··· Given entries

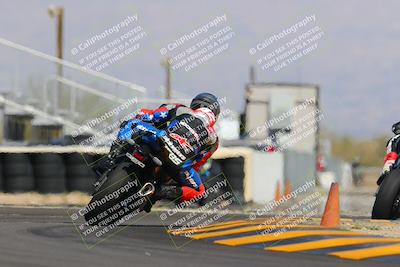 media/Oct-08-2022-SoCal Trackdays (Sat) [[1fc3beec89]]/Turn 16 (125pm)/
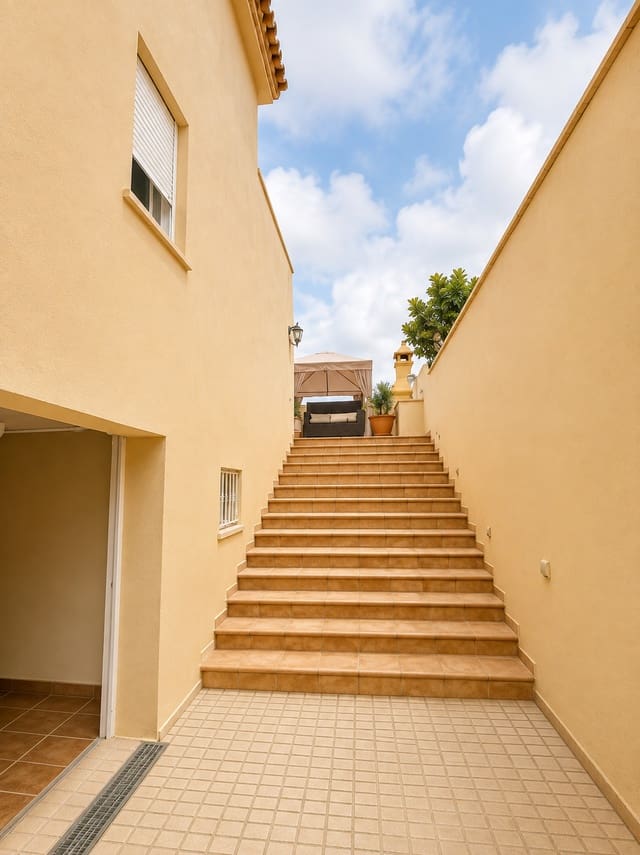 4 soverom Villa til salgs i Puerto de la Cruz med svømmebasseng garasje - € 1 199 000 (Ref: 10076780)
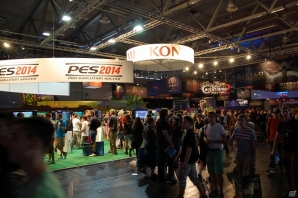 【gamescom 2013】棺桶で寝ながらプレイする「Castlevania -Lords of Shadow- 2」やシリーズ最新作「PES 2014」が出展された「KONAMI」ブースをレポートの画像1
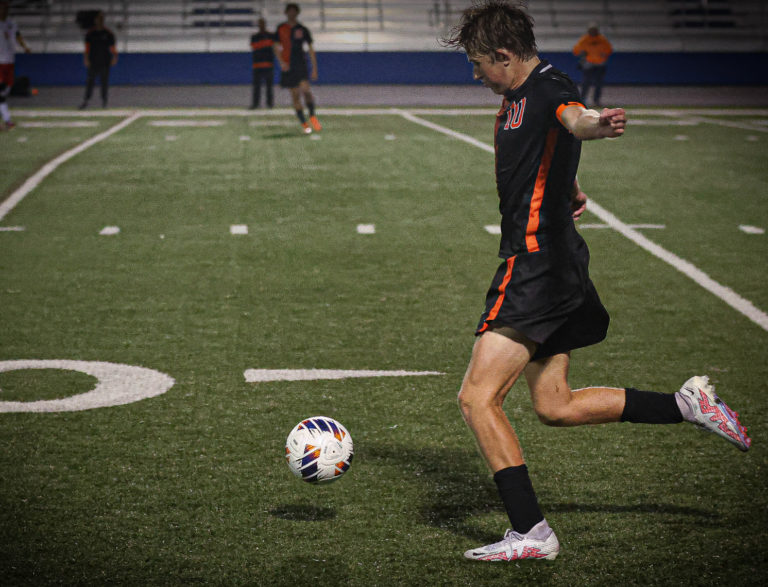 Sylvia's late goal lifts Wheelersburg over Minford, into regional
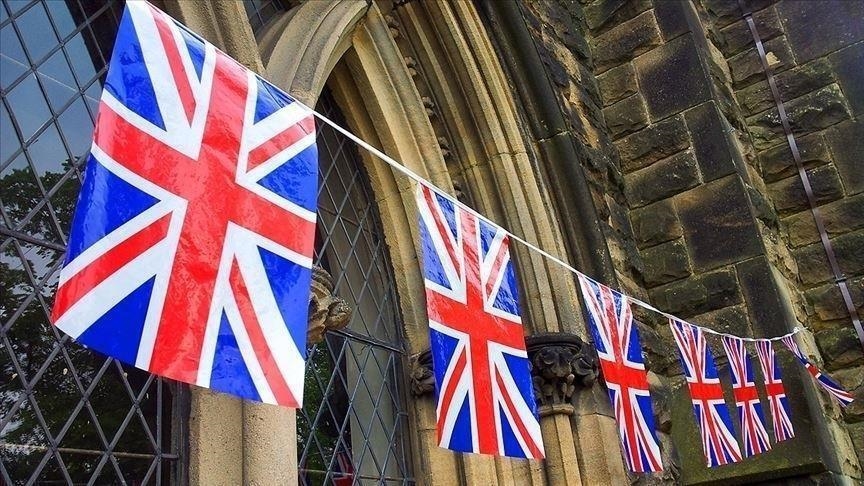 UK imposes new sanctions, import tariffs on Russia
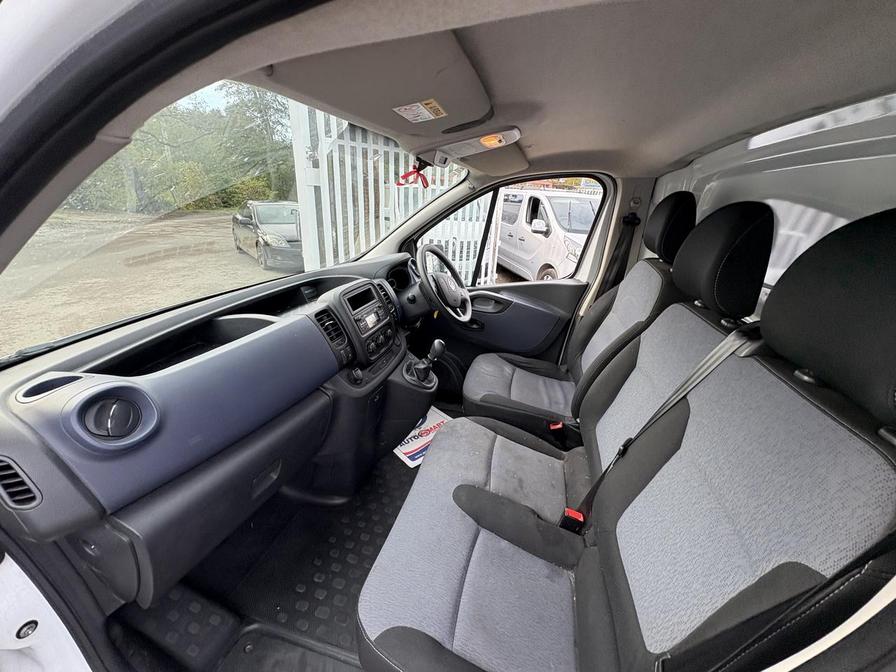 Used Vauxhall Vivaro 2015 for sale - 76401028: Photo 11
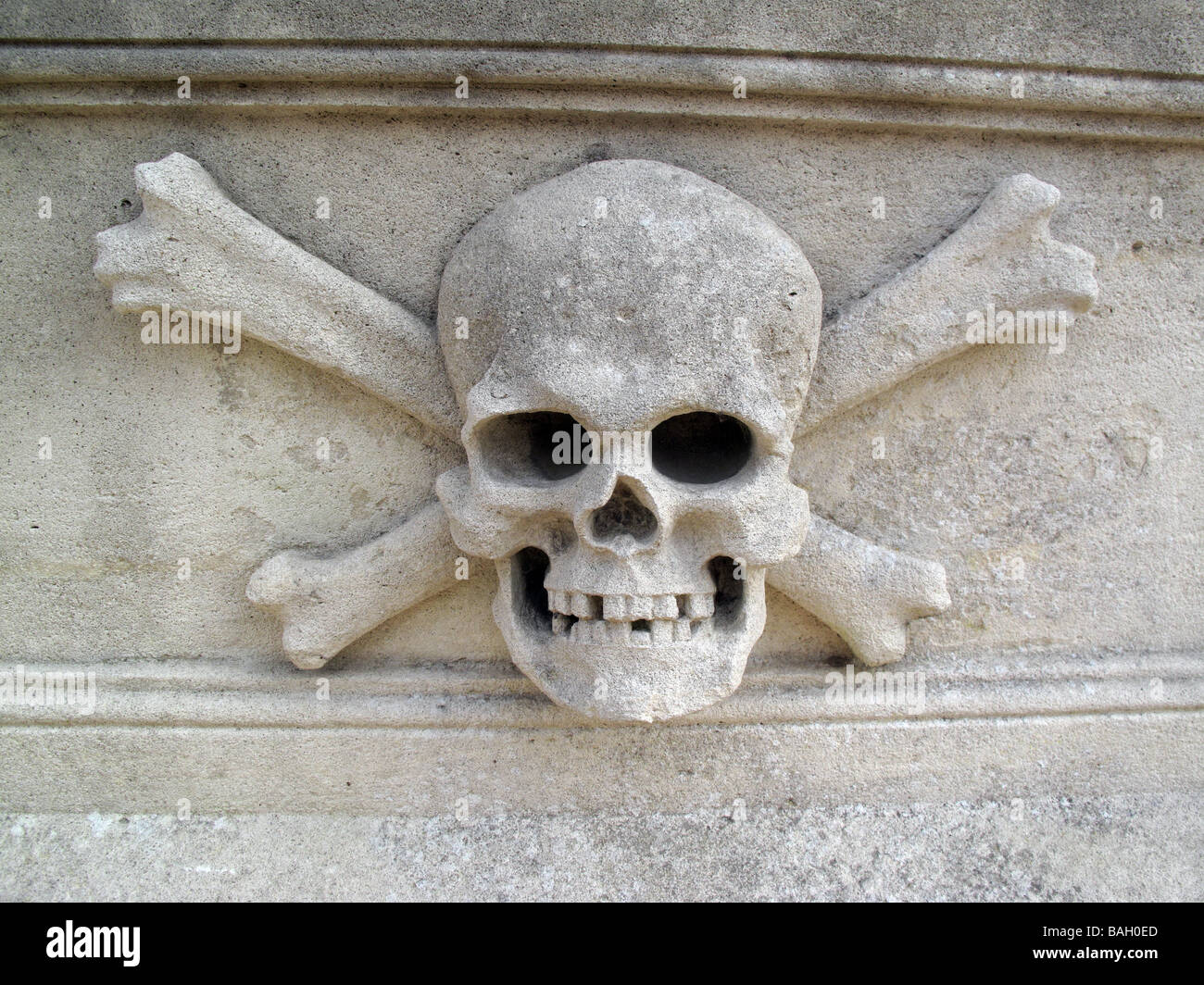 Skull and cross bones. Detail from an 18th century sandstone sarcophagus Stock Photo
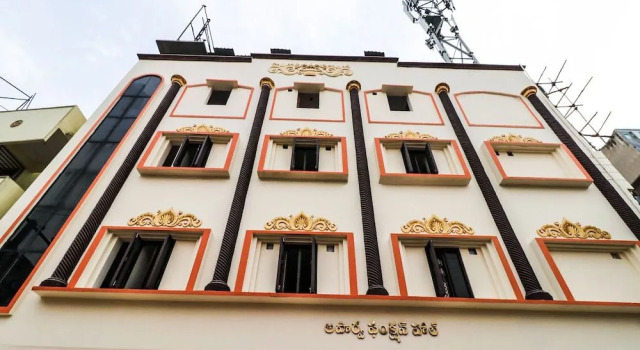 OYO 29000 SRK Inn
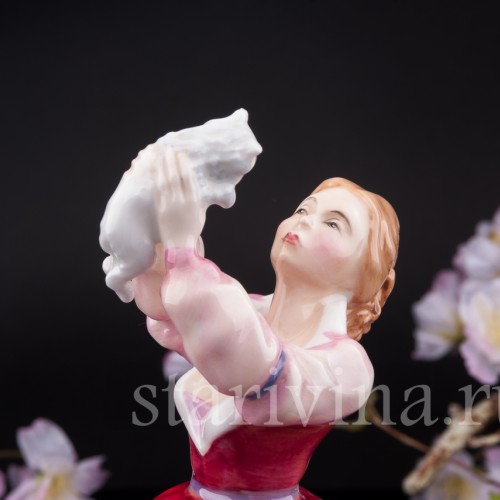 Статуэтка девушки из фарфора Сюзанна, Royal Doulton, Великобритания, 1981 г.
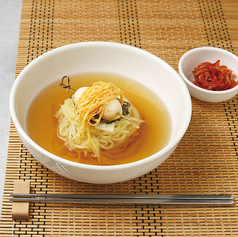 松阪牛の牛骨スープを使った 松阪牛 冷麺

······

What you have to do -> All of the material should be written out again exactly, apart from the pictures.

Exercise result ->
 media/Oct-08-2022-SoCal Trackdays (Sat) [[1fc3beec89]]/Turn 16 (125pm)/
 4 soverom Villa til salgs i Puerto de la Cruz med svømmebasseng garasje - € 1 199 000 (Ref: 10076780)
 【gamescom 2013】棺桶で寝ながらプレイする「Castlevania -Lords of Shadow- 2」やシリーズ最新作「PES 2014」が出展された「KONAMI」ブースをレポートの画像1
 Sylvia's late goal lifts Wheelersburg over Minford, into regional
 UK imposes new sanctions, import tariffs on Russia
 Used Vauxhall Vivaro 2015 for sale - 76401028: Photo 11
 Skull and cross bones. Detail from an 18th century sandstone sarcophagus Stock Photo
 OYO 29000 SRK Inn
 Статуэтка девушки из фарфора Сюзанна, Royal Doulton, Великобритания, 1981 г.
 松阪牛の牛骨スープを使った 松阪牛 冷麺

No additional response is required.